The need for businesses to refine their customer engagement strategies — especially the communication touchpoints that support them — has been driven by technological, social and market developments. Due to the internet, geographic borders have been erased, and traditional fixed costs (such as the need for a sales force, and access to storefront locations and other physical distribution channels) have been lowered, creating new business entrants and opportunities — but also causing more competition for customers and market share. Moreover, gaining customer loyalty has become more challenging due to easier access to information about competing products/retailers, and the lower cost of switching between these different options online, among other factors.

Yet though businesses around the world are increasingly aware of the importance of effective customer engagement — and the value of digital tools in sustaining these efforts — many continue to spend the majority of their marketing budgets on acquiring new customers rather than retaining and engaging existing ones. This is a common pitfall for businesses in Africa, which struggle to foster long-term customer engagement due to the complex nuances of the market. For instance, African customers are typically conscious of their mobile data usage due to high costs, leading them to toggle their phones’ internet connectivity on and off, depending on their current needs. In addition, a significant number of African mobile subscribers employ multiple SIM cards, often changing lines to access better network coverage or to take advantage of data and voice discounts offered by different telcos. Consequently, maintaining an “always-on” approach to online engagement becomes challenging.

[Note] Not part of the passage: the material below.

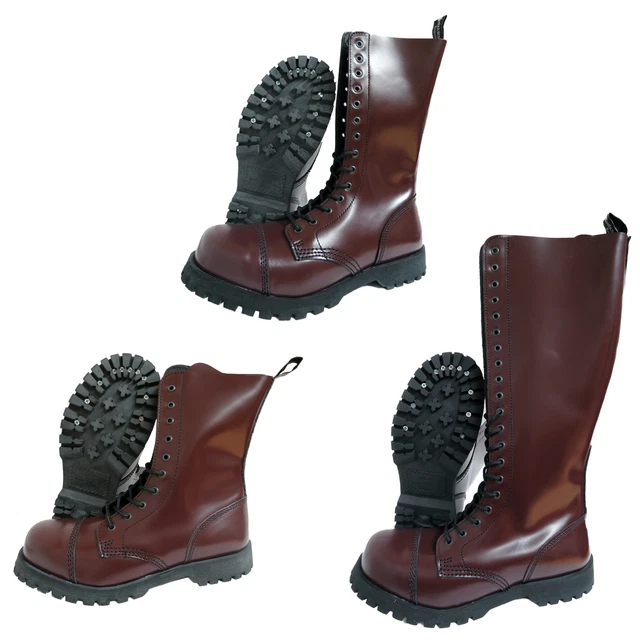 OXBLOOD BOOTS Braces Cherry Rangers 10 14 20 Hole Steel Toe Punk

These common behaviours make it difficult for brands to touch base with their customers, as most enterprise solutions and digital tools are tailored for online customer interaction. With statistics showing that acquiring a new customer can be five to seven times more expensive than retaining an existing one, and that fully engaged customers are worth an average of 23% more in share-of-wallet, profitability, revenue and relationship growth compared to the average customer, it’s clear that African businesses must put as much effort into the entire customer engagement cycle as they’ve traditionally put into the initial customer acquisition phase. And as Africa remains a “mobile-only” continent, with the penetration of mobile phones far outstripping fixed line usage across the region, it’s also clear that mobile technology must play an important role in these businesses’ customer engagement efforts.  

Below, I’ll discuss the key elements of customer engagement, exploring how businesses can optimise these cycles to navigate the African market’s unique needs and challenges by using mobile technology to gain actionable insights into their customers’ behaviour, preferences and interests.

 

The Seven Elements of Customer Engagement Cycles

Customer engagement cycles have seven core elements, and African businesses must take each of them into account to develop a base of engaged customers over the long term.

Connection and Interaction: This stage is all about awareness/consideration. Africa-focused marketers need to think beyond the typical ways of segmenting audiences (e.g., dividing them by age, income levels, etc.) and also focus on acquiring a majority of customers who exhibit behaviours that are similar to those of their desired audience. For example, if a company is selling a web-based course delivered through video, it is effective to promote it via video platforms such as YouTube. The modalities are compatible, as viewers can envision themselves enrolled in the course because they are currently watching a video when they’re exposed to the ad. 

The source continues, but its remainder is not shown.